Crudbuckets! Dog has hip displaysia

I suspected Baxter Q. Pitbull had developed dysplasia and the vet diagnosed it yesterday. He’s just a year old and it’s already pretty serious :frowning:

My dearly departed lab had hip dysplasia managed by meds and swimming every day. Since Bax is so young and I didn’t bring my SoCal pool with me when I migrated to Jersey, looks like surgery will be needed

Apparently pitties are predisposed to hip issues.

I’m sorry, Jennshark. I know surgery is expensive, but since your dog is so young, I hope the prognosis is good and his surgery will be successful.

Our neighbors recently traveled to a university (the Ohio State) to have their dog’s hip joint replaced. The dog is doing very well.

They told me that the cost for the surgery has come way down over the years due to the volume being performed. Their dog’s hip replacement totaled around 5 grand.

I’m very sorrry, I hope he is ok.

I’m sorry to hear that, also.

Sadly, if it’s not one thing it’s another. My preferred dogs (racing greyhounds) have no health issues from adhering to breed standards, because the only breeding standards important to racers is speed and competitive natures.

But they are prone to bone cancer. :frowning: You just can’t win. Someone needs to work out a breed standard that includes immortality.

Well, not immortality, unless I can become immortal, too. I’d rather outlive my dog than to pass before she does and make her go through losing a beloved master. That said, I wish we could double or triple our dogs’ lifespans.

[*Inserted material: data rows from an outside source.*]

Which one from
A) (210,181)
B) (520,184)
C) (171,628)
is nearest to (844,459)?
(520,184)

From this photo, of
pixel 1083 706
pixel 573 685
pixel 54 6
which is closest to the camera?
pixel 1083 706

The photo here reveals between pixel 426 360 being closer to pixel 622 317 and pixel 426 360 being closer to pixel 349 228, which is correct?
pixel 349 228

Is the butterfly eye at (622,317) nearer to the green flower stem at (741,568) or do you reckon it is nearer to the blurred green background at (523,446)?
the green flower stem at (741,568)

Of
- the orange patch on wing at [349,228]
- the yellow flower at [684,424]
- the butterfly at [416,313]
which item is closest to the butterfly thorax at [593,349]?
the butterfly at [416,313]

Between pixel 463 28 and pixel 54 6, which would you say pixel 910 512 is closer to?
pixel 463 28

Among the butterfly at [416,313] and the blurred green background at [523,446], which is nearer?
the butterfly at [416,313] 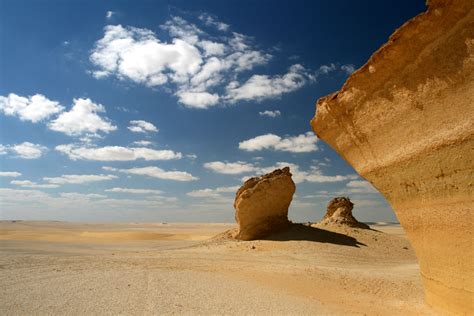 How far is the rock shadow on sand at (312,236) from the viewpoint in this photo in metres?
16.8

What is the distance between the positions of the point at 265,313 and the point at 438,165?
131 inches

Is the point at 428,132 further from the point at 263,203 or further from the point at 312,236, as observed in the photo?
the point at 263,203

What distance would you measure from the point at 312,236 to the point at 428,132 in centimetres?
1325

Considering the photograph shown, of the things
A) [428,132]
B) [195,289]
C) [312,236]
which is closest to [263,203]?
[312,236]

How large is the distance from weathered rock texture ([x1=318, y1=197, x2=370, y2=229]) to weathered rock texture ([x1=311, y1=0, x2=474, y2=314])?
16.1m

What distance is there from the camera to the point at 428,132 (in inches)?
188

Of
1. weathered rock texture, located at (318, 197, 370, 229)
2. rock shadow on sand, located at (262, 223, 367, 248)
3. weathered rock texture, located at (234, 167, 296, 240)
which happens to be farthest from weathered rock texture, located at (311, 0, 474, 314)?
weathered rock texture, located at (318, 197, 370, 229)

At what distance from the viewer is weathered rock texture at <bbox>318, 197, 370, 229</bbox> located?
A: 21.6 m

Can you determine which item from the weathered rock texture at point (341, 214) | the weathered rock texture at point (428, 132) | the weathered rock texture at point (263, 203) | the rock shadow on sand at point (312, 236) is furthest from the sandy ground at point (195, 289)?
the weathered rock texture at point (341, 214)

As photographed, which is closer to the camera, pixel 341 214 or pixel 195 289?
pixel 195 289

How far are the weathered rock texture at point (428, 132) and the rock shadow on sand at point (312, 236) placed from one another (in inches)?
438

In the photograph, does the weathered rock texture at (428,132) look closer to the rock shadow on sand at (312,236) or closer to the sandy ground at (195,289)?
the sandy ground at (195,289)

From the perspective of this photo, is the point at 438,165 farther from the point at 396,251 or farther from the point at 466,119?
the point at 396,251

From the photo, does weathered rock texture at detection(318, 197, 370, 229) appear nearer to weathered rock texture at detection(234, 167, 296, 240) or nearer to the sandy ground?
weathered rock texture at detection(234, 167, 296, 240) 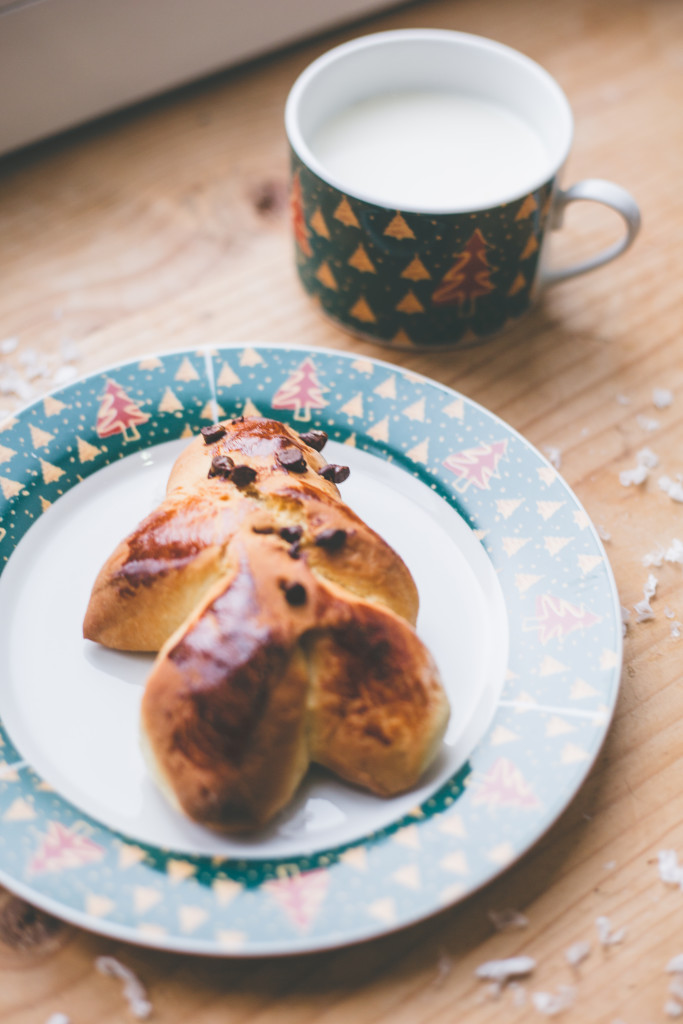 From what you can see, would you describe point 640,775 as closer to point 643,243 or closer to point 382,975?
point 382,975

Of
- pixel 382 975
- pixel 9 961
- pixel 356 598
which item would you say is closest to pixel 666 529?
pixel 356 598

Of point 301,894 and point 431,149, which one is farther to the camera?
point 431,149

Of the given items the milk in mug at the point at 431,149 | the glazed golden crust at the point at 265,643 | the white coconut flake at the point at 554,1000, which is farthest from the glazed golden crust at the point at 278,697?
the milk in mug at the point at 431,149

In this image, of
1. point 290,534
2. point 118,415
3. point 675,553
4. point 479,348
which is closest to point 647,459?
point 675,553

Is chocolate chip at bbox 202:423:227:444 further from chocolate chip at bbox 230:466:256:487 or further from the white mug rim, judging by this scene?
the white mug rim

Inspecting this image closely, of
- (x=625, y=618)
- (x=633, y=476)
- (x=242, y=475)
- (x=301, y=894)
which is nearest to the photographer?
(x=301, y=894)

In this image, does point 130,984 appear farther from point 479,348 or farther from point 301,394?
point 479,348

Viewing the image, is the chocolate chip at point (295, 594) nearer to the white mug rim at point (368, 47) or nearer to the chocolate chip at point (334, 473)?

My dog has really severe hip dysplasia - severe enough that the bones don’t actually touch - which is great, he’s gotten to be eleven without arthritis or anything - since there is no grinding. - we did have the nerves cut in his hip so it doesn’t bother him

Hip dysplasia is a bastard, especially in breeds that don’t have a good standard or a history of careful breeding to weed out the faults. I’ve been lucky in avoiding it so far.

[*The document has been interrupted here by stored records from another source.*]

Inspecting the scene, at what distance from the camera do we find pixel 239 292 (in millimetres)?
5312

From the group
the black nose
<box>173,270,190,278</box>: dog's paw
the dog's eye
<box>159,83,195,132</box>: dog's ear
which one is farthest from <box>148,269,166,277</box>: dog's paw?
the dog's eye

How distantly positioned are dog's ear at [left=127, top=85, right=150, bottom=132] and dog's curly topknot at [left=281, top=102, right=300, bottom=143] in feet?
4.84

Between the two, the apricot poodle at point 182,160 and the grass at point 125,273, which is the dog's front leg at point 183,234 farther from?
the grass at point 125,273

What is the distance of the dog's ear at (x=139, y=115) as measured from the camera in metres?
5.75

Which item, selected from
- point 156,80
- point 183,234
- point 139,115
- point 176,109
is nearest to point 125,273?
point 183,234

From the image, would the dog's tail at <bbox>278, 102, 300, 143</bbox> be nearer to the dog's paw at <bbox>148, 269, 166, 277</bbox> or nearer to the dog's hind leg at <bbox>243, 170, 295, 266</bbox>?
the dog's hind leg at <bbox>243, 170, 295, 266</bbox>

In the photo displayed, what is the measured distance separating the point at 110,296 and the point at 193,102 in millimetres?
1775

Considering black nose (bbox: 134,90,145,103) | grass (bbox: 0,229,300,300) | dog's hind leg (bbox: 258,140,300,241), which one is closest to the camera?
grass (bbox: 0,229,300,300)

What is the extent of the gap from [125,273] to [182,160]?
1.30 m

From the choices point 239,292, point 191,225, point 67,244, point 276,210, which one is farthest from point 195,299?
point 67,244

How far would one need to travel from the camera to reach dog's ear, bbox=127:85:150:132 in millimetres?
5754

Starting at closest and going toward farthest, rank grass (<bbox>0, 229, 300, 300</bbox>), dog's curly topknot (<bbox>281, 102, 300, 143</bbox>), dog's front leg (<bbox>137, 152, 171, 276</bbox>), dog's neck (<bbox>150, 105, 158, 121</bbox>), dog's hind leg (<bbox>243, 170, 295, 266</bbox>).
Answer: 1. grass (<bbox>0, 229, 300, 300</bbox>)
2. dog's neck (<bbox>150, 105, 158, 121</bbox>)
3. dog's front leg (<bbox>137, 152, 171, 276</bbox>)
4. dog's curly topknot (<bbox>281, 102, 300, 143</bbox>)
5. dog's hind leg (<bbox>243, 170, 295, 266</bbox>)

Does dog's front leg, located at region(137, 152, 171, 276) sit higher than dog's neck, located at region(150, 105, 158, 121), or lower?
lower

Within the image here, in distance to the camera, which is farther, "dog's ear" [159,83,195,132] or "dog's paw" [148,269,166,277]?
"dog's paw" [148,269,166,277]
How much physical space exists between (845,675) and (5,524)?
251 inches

But then, big dogs are so prone to nasties that it’s hard to breed a long-lived one. Some damn thing always comes whistling out of the dark.

I picked my newest Dane from a very good line of champions with excellent health records, and got the only “clone” his sire had yet produced (blue male with thin white chest splash, only one out of 15 in three litters). I admired his sire as one of the most handsome of the breed I’d seen, and his quick championship status last year and near-GC status this season proved I had a darned good eye, and could look forward to this boy being just as big, broad and handsome, if not as well-behaved.

Then came the news: Dad went from another show win to stumbling to rear paralysis to incontinence in six days… spinal tumor. Over and out, just before Xmas. Four years and one month. As I’ve said so often in these threads… damn dogs.

My last Jack Russell Terrier had that, and I believe that it is pretty common with JRTs. He had no pain and the only time we noticed it was when he layed on his stomach with his hips at right angles to his body. It might have began hurting, then, though because he didn’t do it for very long. The vet diagnosed the problem after I adopted him at 10yo, but didn’t indicate that it was anything that was dangerous or needed to be taken care of.